Repeat the listing below exactly. Pictures do not belong in the copy.

*** Provided records ***

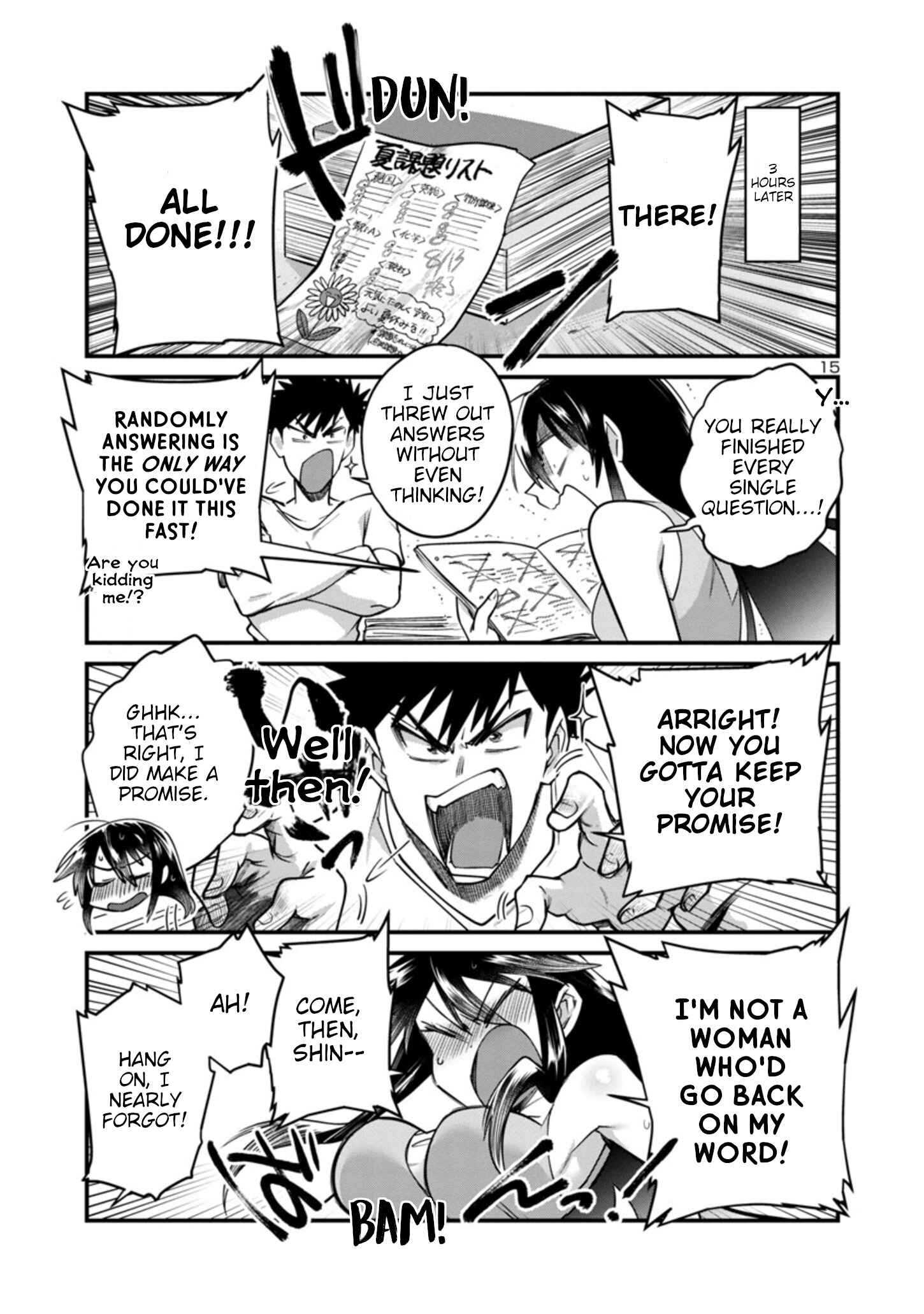 Do Chokkyuu Kareshi x Kanojo Chapter 16.2 page 16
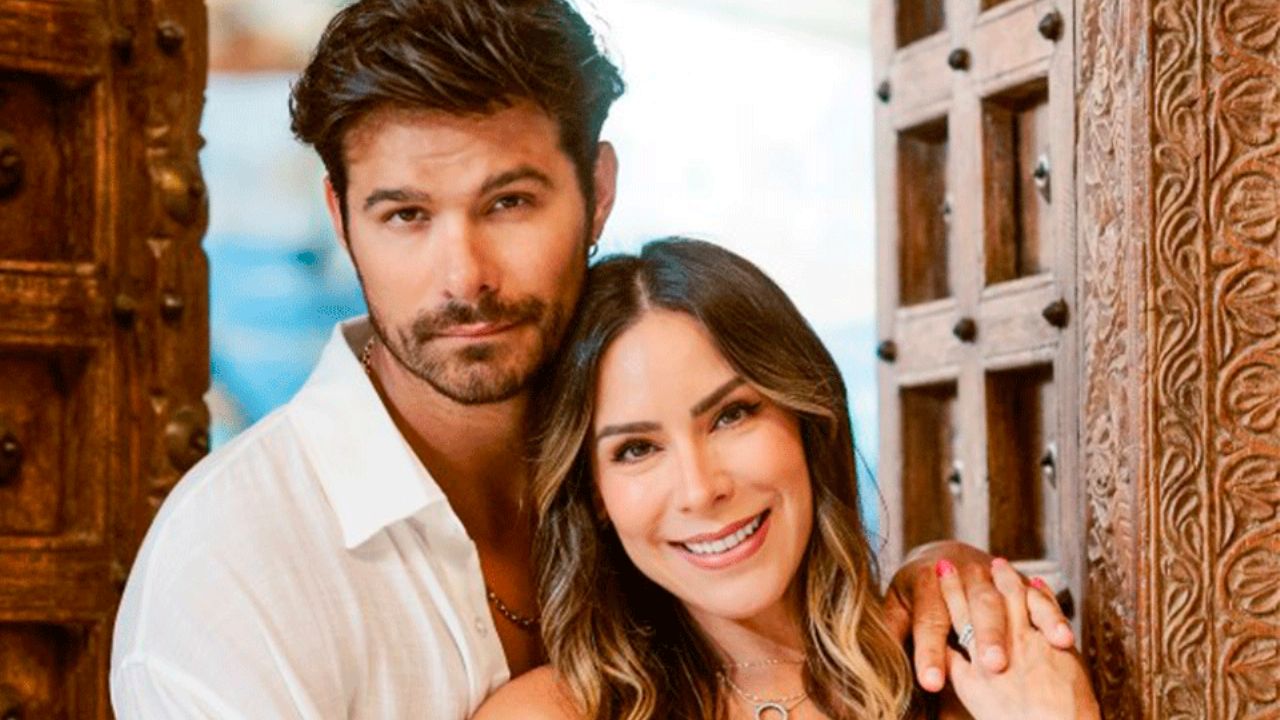 “Te soñábamos”: Brandon Peniche y Kristal Cid anuncian embarazo con emotivo mensaje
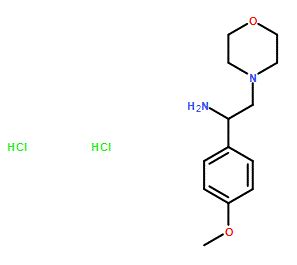 1208925 71 6 1 4 Methoxyphenyl 2 Morpholin 4 Yl Ethan 1 Amine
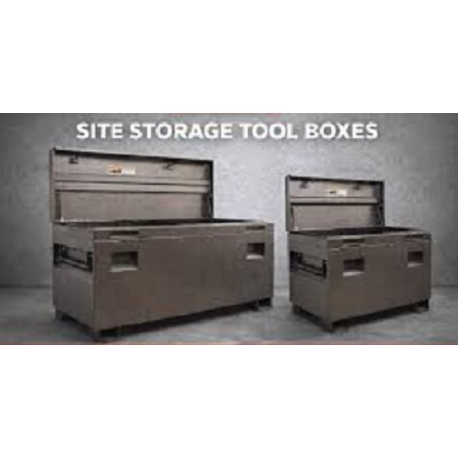 2 piece Steel tool storage boxes JS4836C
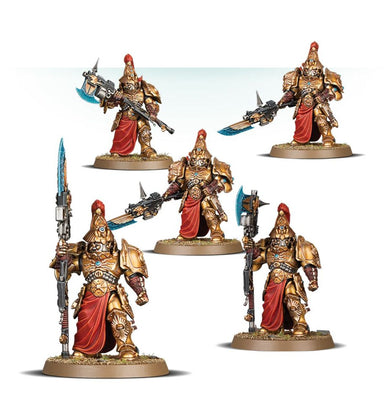 Miniatures, Adeptus Custodes: Custodian Wardens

*** End of Provided records ***

◆ **Reply**
 Do Chokkyuu Kareshi x Kanojo Chapter 16.2 page 16
 “Te soñábamos”: Brandon Peniche y Kristal Cid anuncian embarazo con emotivo mensaje
 1208925 71 6 1 4 Methoxyphenyl 2 Morpholin 4 Yl Ethan 1 Amine
 2 piece Steel tool storage boxes JS4836C
 Miniatures, Adeptus Custodes: Custodian Wardens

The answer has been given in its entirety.